Double glazing can yield a lot. Not only for the environment, but also for people’s wallet. Double glazing can increase the energy label and the demand for a home. “A consequence that few people think of is that the value of your home increases,” says Teulings. “More and more buyers find double glazing important and are willing to pay tens of thousands euros more for this”. So it makes a home more attractive and is therefore easier to sell. The cost of moving can also turn out lower, as there is a shorter period of time in which the property is for sale.
Solar panels also have a positive effect on the value of a home. “Solar panels are often seen as a synonym of sustainability. They are prominent on the roof and therefore easy to recognize for a layman. The energy label easily increases with one or more steps, so from C to A for example, and they have a positive effect on the energy bill”. If it is your property, it can yield a lot, according to Teulings, but if people start renting them and offer them for rent again during the sales process, he sees no added value.
Finally, Teulings sees roof insulation as one of the most valuable investments. “But this is personal,” he says. “If you use the attic as a living space, I certainly recommended it. But if you don’t need the attic, roof insulation has a lesser function”. He says that the year of construction of a house with roof insulation says a lot about its quality and that this should therefore be included in sales and purchase discussions. Roof insulation from 1990, for example, cannot be compared with one from 2013. The year cannot be traced back on Funda either. “There I see improvement potential”.
Data technology and sustainability
Meijer explains during the interview that Matrixian Group is also working on sustainability. “We have developed the Sustainable Roofs Opportunity Map. It is a digital map of the Netherlands that shows per building which sustainable roof implementation is optimal”. The type of implementation is calculated on the basis of data; by combining various property characteristics with environmental factors, the model can determine which sustainable interpretation is most feasible, profitable and advantageous.

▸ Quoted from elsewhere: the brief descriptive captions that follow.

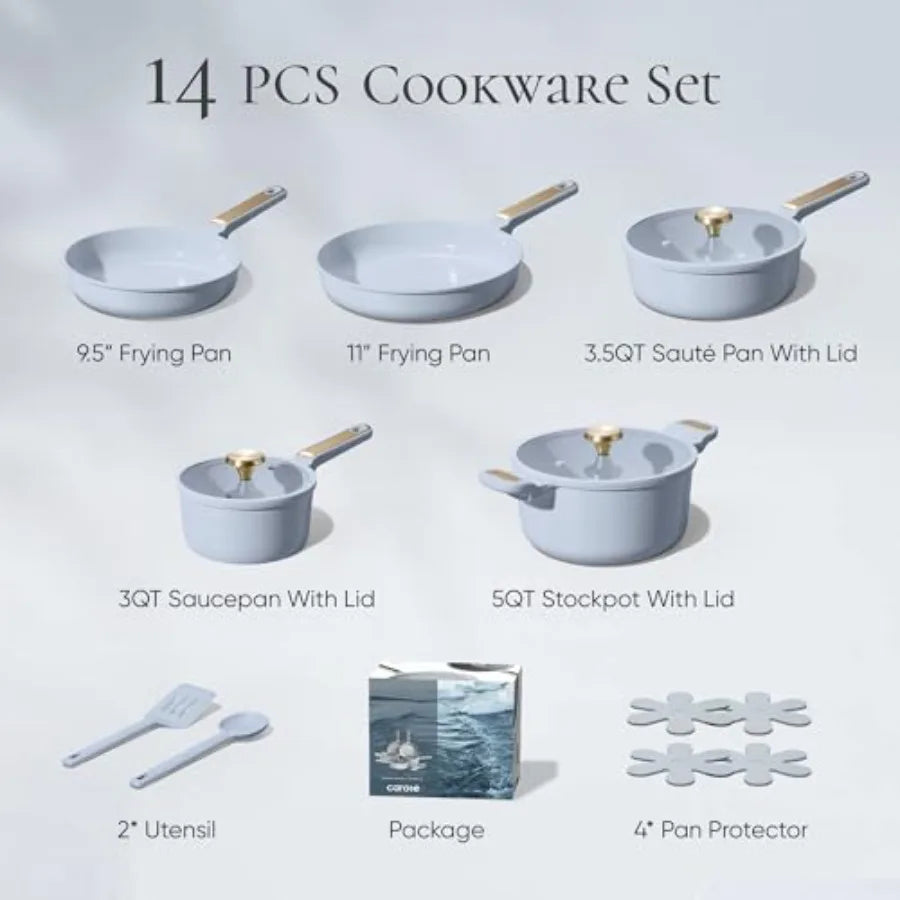 Ceramic Cookware Set Nonstick, 14pcs Pots and Pans Set Nonstick, Non-Toxic and PFAS-Free, Dishwasher, RV/Camping Cookware Set,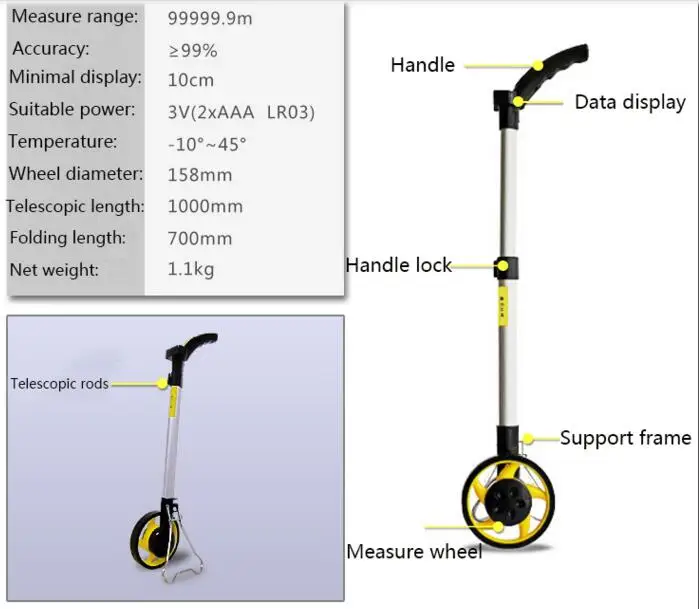 Wintape Professional Precise Digital Distance Meter Mechanical Tool Foldable Walking Measuring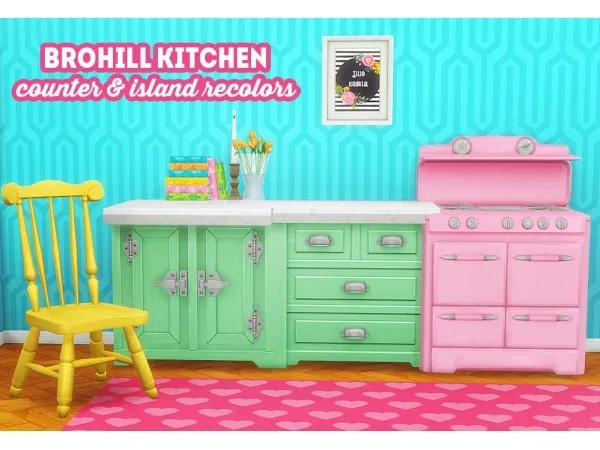 Maxis Match BroHill kitchen counter island recolors - The Sims 4 Custom Content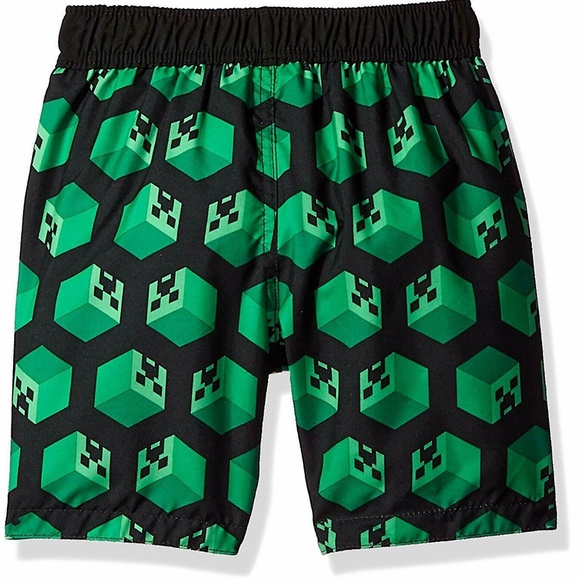 MINECRAFT GREEN MULTI DRAWSTRING BOYS SWIM TRUNKS - Picture 4 of 7
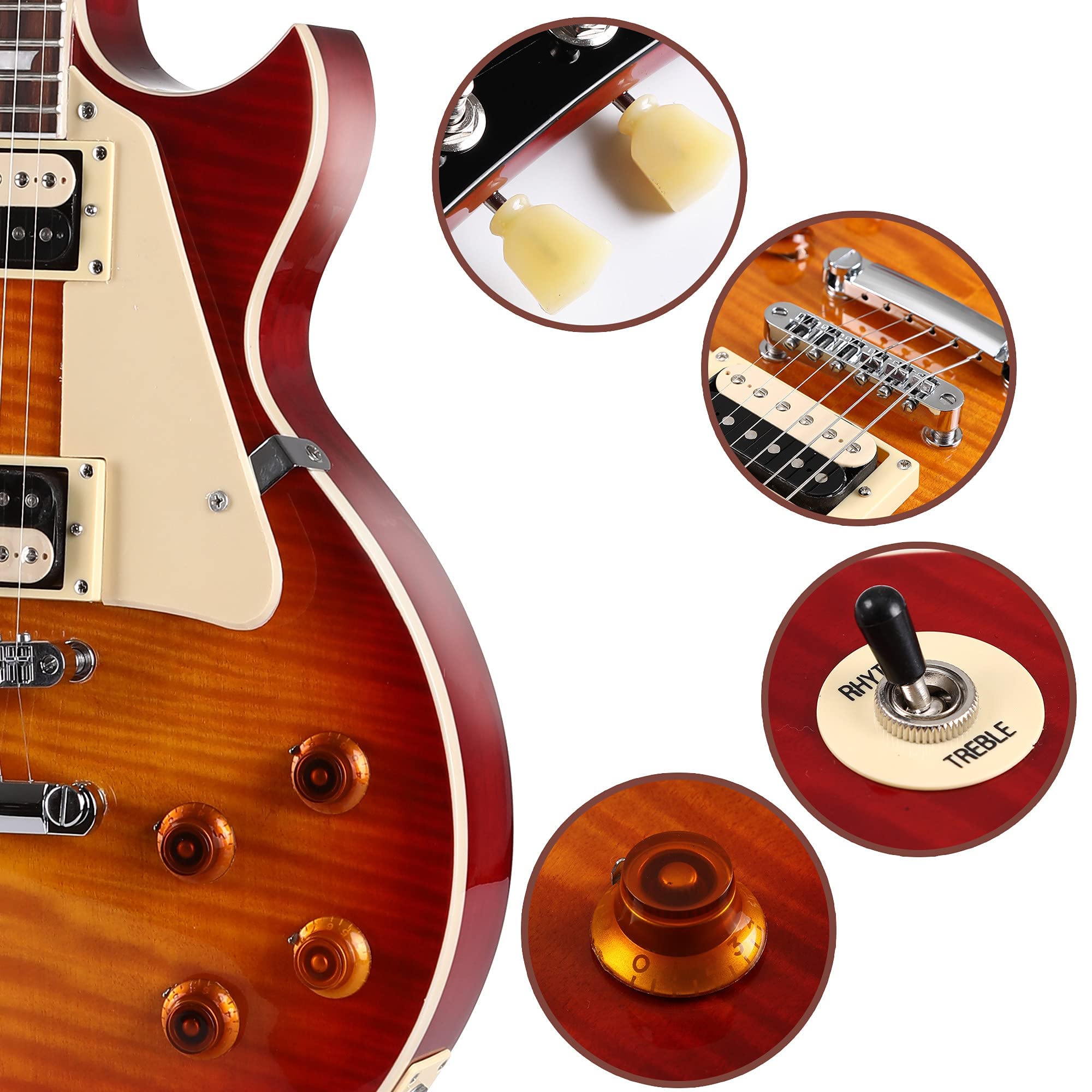 Musoo LP-Style E-Gitarre mit Epi ProBucker Tonabnehmern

Meijer asks whether this development could support the work of a real estate professional. “Yes, I think these kinds of developments are very good,” says Teulings. “When professionals can include the possibilities of a roof in a sales conversation, they distinguish themselves. If they then also know how to bring the right parties together to realize a sustainable roof, great gains can be made. Not only for the environment, but the professional is also of great added value for his customer”.